Hi i got a Imac a wile ago and it was not that grate it have a 233 prossessor in it and 64 mb of ram and i am looking for a copy of linux for it so that i can make it work. because when i got it it had no os on it. but i think that it had mac os 8. so could anyone recomend a copy of linux for it. i have not had much luck looking for it.


----------



## VegasACF (May 27, 2005)

Google is your friend.


----------



## Pensacola Tiger (Apr 23, 2006)

Try Ubuntu (http://www.ubuntu.com)


----------



## lufkinp6 (Aug 1, 2005)

Hi all of the copys of linux that i have looked at so far will not run on 64 mb of ram and the i mac dose not like the ubuntu but an older copy might help if someone has that of ubuntu.


----------



## Pensacola Tiger (Apr 23, 2006)

*OWC* has memory for your iMac - $33.99 for 256 Mb.


----------



## lufkinp6 (Aug 1, 2005)

Thanks but i would like to find a copy of linx that would work on what i have but i will keep that in minde.


----------



## VegasACF (May 27, 2005)

I'd like to find a way to make my car run on hydrogen oxide, but since that's not happening I keep paying for gasoline. 

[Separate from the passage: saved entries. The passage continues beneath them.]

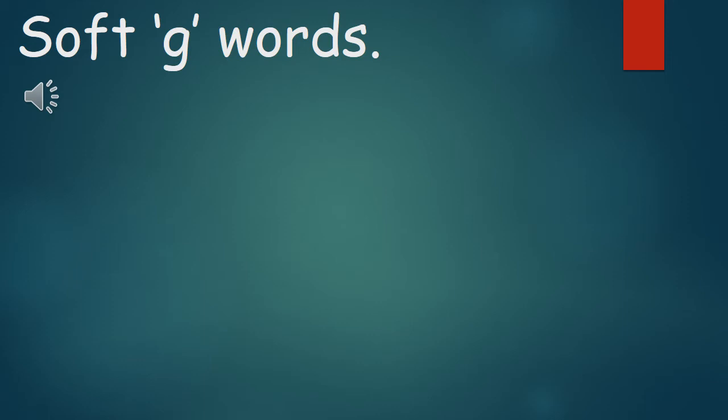Alright boys and girls, let's practice some of the words that we will learn today with a soft G sound. Make sure you practice the words out loud with the teacher and say them at the correct time. Good luck boys and girls, and I hope you remember all the beautiful pictures you will see today.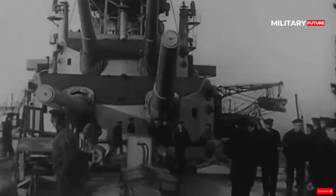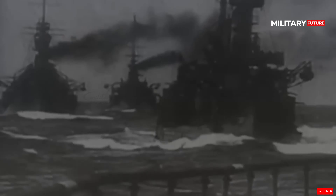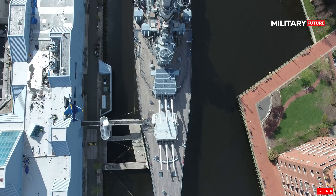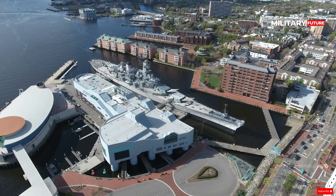The Iowa-class battleship USS Wisconsin was completed in time to serve in the final year of the Second World War against the Empire of Japan. She would fight more wars than she ever dreamed possible.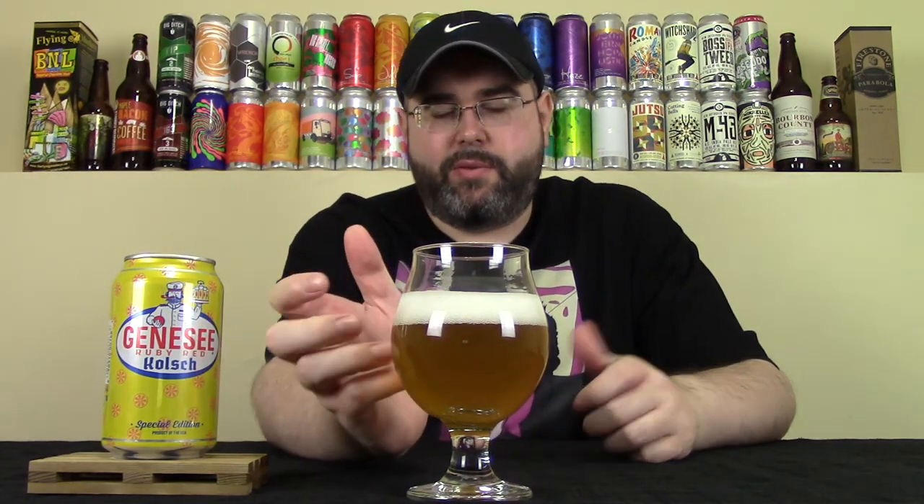As you guys can see up front, it looks a little darker on camera, but for the most part it looks like a Kolsch. The head is about a finger to a finger and a half of off-white, very creamy-looking head. This looks very inviting. It has carbonation, plays the role of a Kolsch — looks like your typical beer in layman's terms. Let's get into the aroma.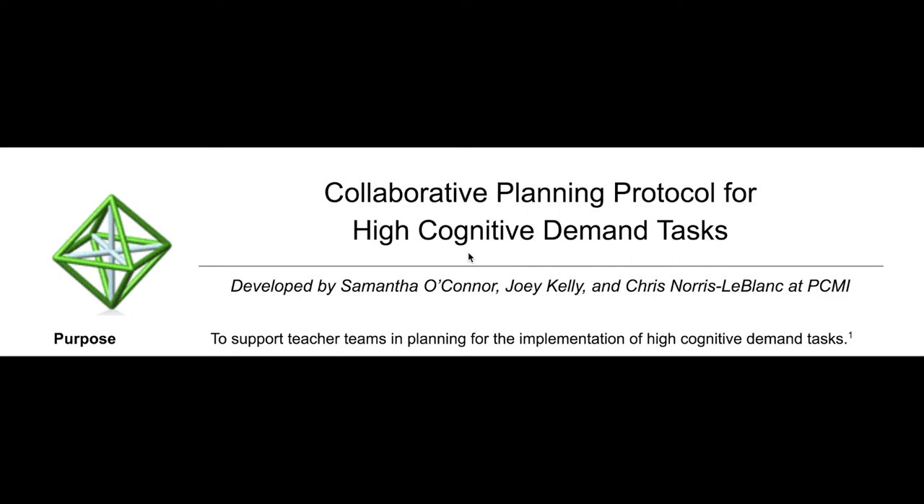Our project was called Collaborative Planning Protocol for High Cognitive Demand Tasks. Our goal was to support teacher teams in planning for the implementation of high cognitive demand tasks.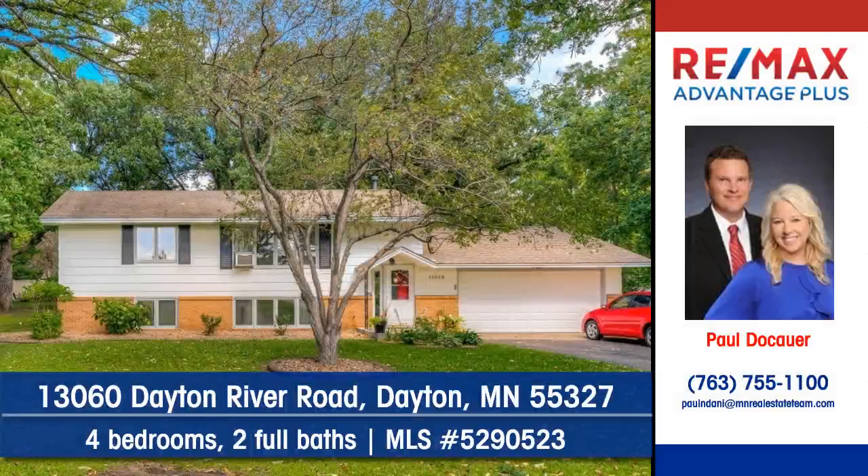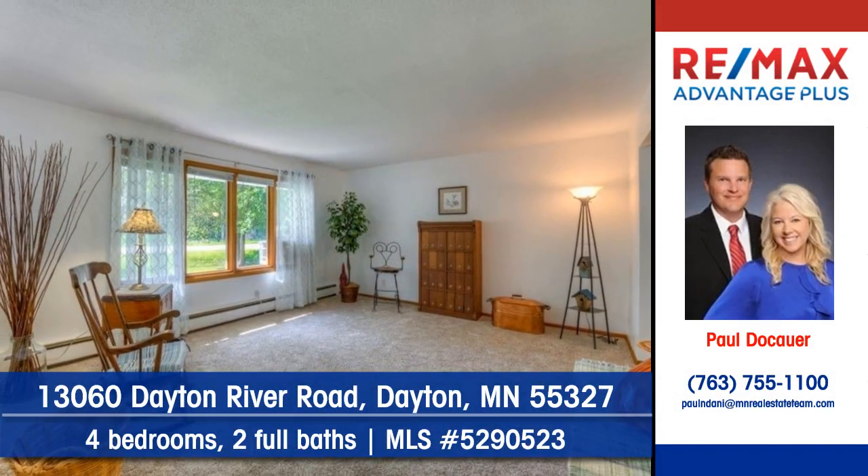Paul Docauer of RE/MAX Advantage Plus shows you this great home at 13060 Dayton River Road in Dayton. This light and bright home has been remodeled.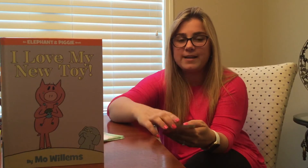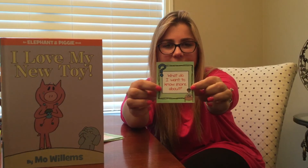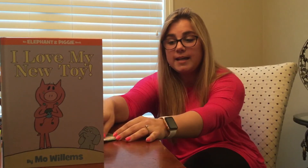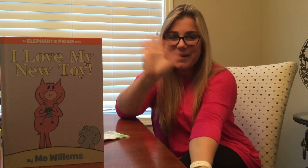And the last question, number six: what do I want to know more about? Once you've answered this question, you're done answering all the comprehension questions, and you can take a picture and send it to your teacher. Bye!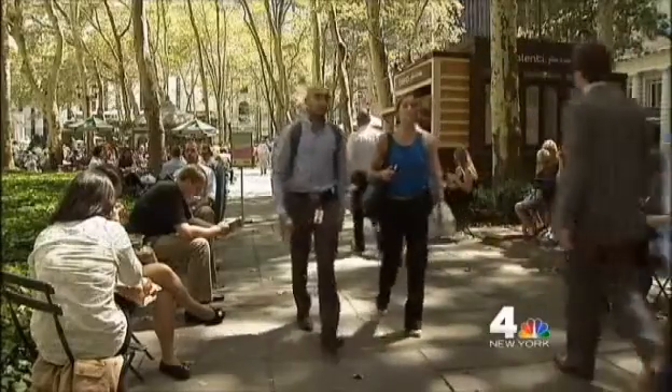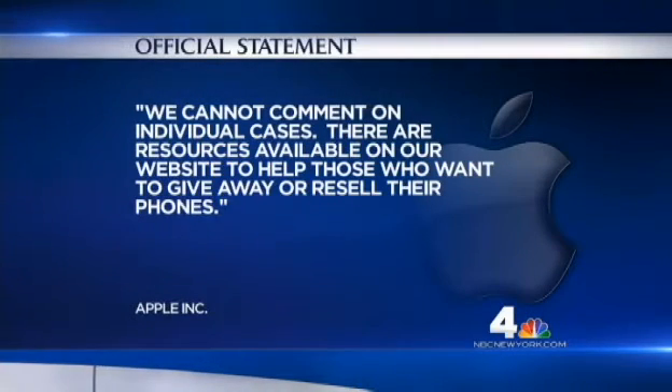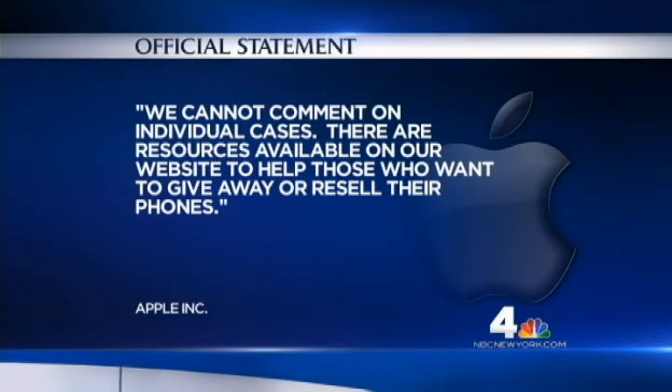Hazy Chang, News 4 New York. And in response to our story, Apple released this statement tonight: "We cannot comment on individual cases. There are resources available on our website to help those who want to give away or resell their phones."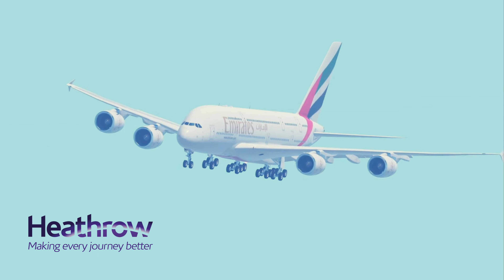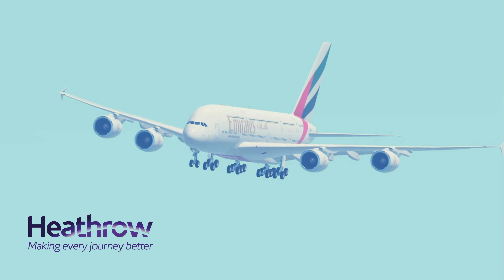Emirates 2-9 is on final runway 27R. Emirates 2-9, roger.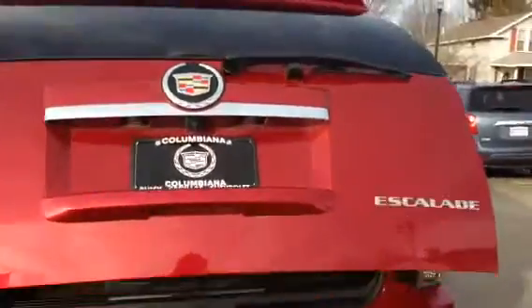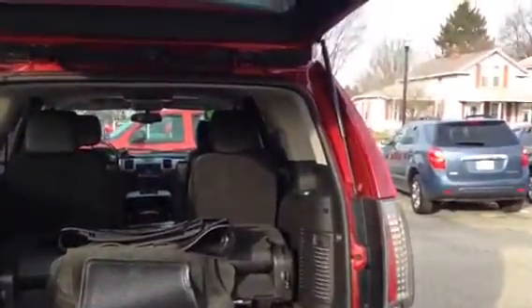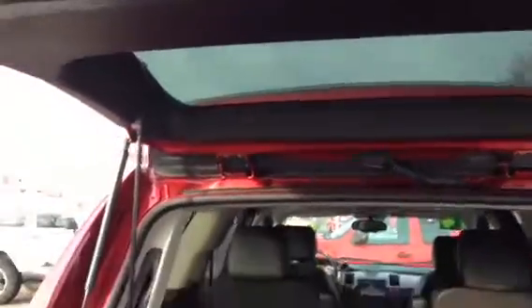It's got a power lift gate, third row seat, all kinds of floor mats. This also closes at the touch of a button.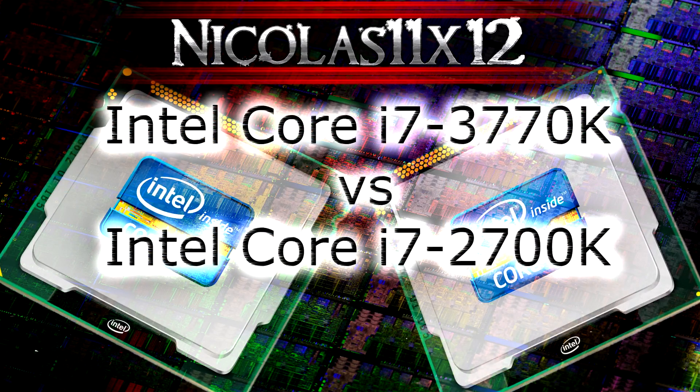Overall, if you already own a Sandy Bridge processor like the i7-2700K, you wouldn't necessarily need to upgrade as there's not much of a performance difference. But if you're planning to upgrade from an older build, you should definitely consider buying an Ivy Bridge CPU like the high-end i7-3770K. The 3770K won of course, but not by far. Thanks for watching and don't forget to subscribe!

It is _really_ worth your while to increase the amount of RAM in your computer. I haven't had a computer with less than a _gigabyte_ of RAM in nearly ten years.

I _strongly_ recommend increasing the amount of RAM you have. It will make your computing life _much_ easier.


----------



## tedwinder (Sep 7, 2005)

What type of Mac is it? Try Crucial. Honestly, I agree with Vegas - _64MB?!_ Most people have 512MB _minimum!_


----------



## lufkinp6 (Aug 1, 2005)

I know that i should put more ram in it but i would like to not invest any money in it that i dot really really need to.


----------



## lufkinp6 (Aug 1, 2005)

i was also wondering if i could get something like puppy linux for my mac. is that possible


----------



## tedwinder (Sep 7, 2005)

http://www.puppyos.com/hard-puppy.htm


----------



## tedwinder (Sep 7, 2005)

This may help.


----------



## lufkinp6 (Aug 1, 2005)

I dont see on puppys site where i can get a copy for mac.


----------



## tedwinder (Sep 7, 2005)

Here?


----------



## lufkinp6 (Aug 1, 2005)

i am sorry but i read the page and i do not see a copy for POWER PC. I have this anyway. But i would like to finde somthing that is as simple as it that would work well on my MAC. Do you have any thoughts.


----------



## tedwinder (Sep 7, 2005)

Oh, sorry, i'll keep trying!


----------



## VegasACF (May 27, 2005)

lufkinp6 said:


> i am sorry but i read the page and i do not see a copy for POWER PC. I have this anyway. But i would like to finde somthing that is as simple as it that would work well on my MAC. Do you have any thoughts.


Ummm... Mac OS 8? (Though OS 9.X should work equally as well, and, in my experience, was more stable)


----------



## lufkinp6 (Aug 1, 2005)

how cheap would a brandnew copy of mac os 8 be do you know.


----------



## VegasACF (May 27, 2005)

One Australian Dollar?

eBay is your best bet for finding decade-old OS install disks.


----------